= Gary L. Bennett =

American novelist

Gary L. Bennett (born January 17, 1940) is an American scientist and engineer, specializing in aerospace and energy. He has worked for NASA and the US Department of Energy (DOE) on advanced space power systems and advanced space propulsion systems. His professional career has included work on the Voyager, Galileo, and Ulysses space missions, and is currently working as a consultant in aerospace power and propulsion systems. He is also a science fiction author (The Star Sailors).

==Biography==

Bennett was born in Twin Falls, Idaho. He joined the NASA headquarters in June 1988 as the Manager of Advanced Space Power Systems in the transportation division of the Office of Advanced Concepts and Technology. There, he managed a number of transportation technology programs including hybrid propulsion, electric propulsion, low-thrust chemical propulsion, and other advanced propulsion concepts (e.g., fusion, antimatter). He was also the first program manager of the advanced technology insertion program for the Pluto Fast Flyby (now New Horizons) mission and the TIMED space physics mission.

Prior to coming to NASA, Bennett held key positions in DoE's space radioisotope power program, including serving as Director of Safety and Nuclear Operations for the radioisotope power sources that were used on the Galileo mission to Jupiter and that are being used on the Ulysses mission to explore the polar regions of the Sun. This same radioisotope power source design was then flown on the Cassini mission to Saturn and on the New Horizons mission to Jupiter.

Previous positions included Chief of the Research Support Branch in the US Nuclear Regulatory Commission (NRC) where Bennett was instrumental in creating and managing NRC's reactor operational safety research program.

Bennett was the flight safety manager for the radioisotope power sources currently in use on the Voyager 1 and Voyager 2 spacecraft (which went to Jupiter, Saturn, Uranus, Neptune and beyond) and on Lincoln Laboratory's LES 8 and LES 9 communications satellites.

Bennett also worked as a physicist in the NERVA (Nuclear Engine for Rocket Vehicle Applications) program at what was then NASA's Lewis Research Center (now the John H. Glenn Research Center) in Cleveland, Ohio. He did fundamental reactor safety research at what is now the Department of Energy's Idaho National Laboratory (INL).

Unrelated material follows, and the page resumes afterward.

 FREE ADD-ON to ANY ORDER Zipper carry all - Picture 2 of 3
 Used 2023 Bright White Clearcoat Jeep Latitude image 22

From 1980 to 1988, he was a member of or adviser to US delegations to the two subcommittees of the United Nations Committee on the Peaceful Uses of Outer Space and he prepared the official US position papers on the use of nuclear power sources in outer space.

From 1988 to 1990, Bennett chaired the Steering Group of the Interagency Advanced Power Group (IAPG), the national coordinating group for federally sponsored space and terrestrial power research. During his tenure and under his initiative the IAPG saw its greatest increase in membership.

Bennett received his PhD in physics from Washington State University in 1970; a Master of Nuclear Science degree in 1966, and a BSc degree in physics from the University of Idaho in 1962; and an Associate of Arts degree from Boise Junior College (now Boise State University) in 1960.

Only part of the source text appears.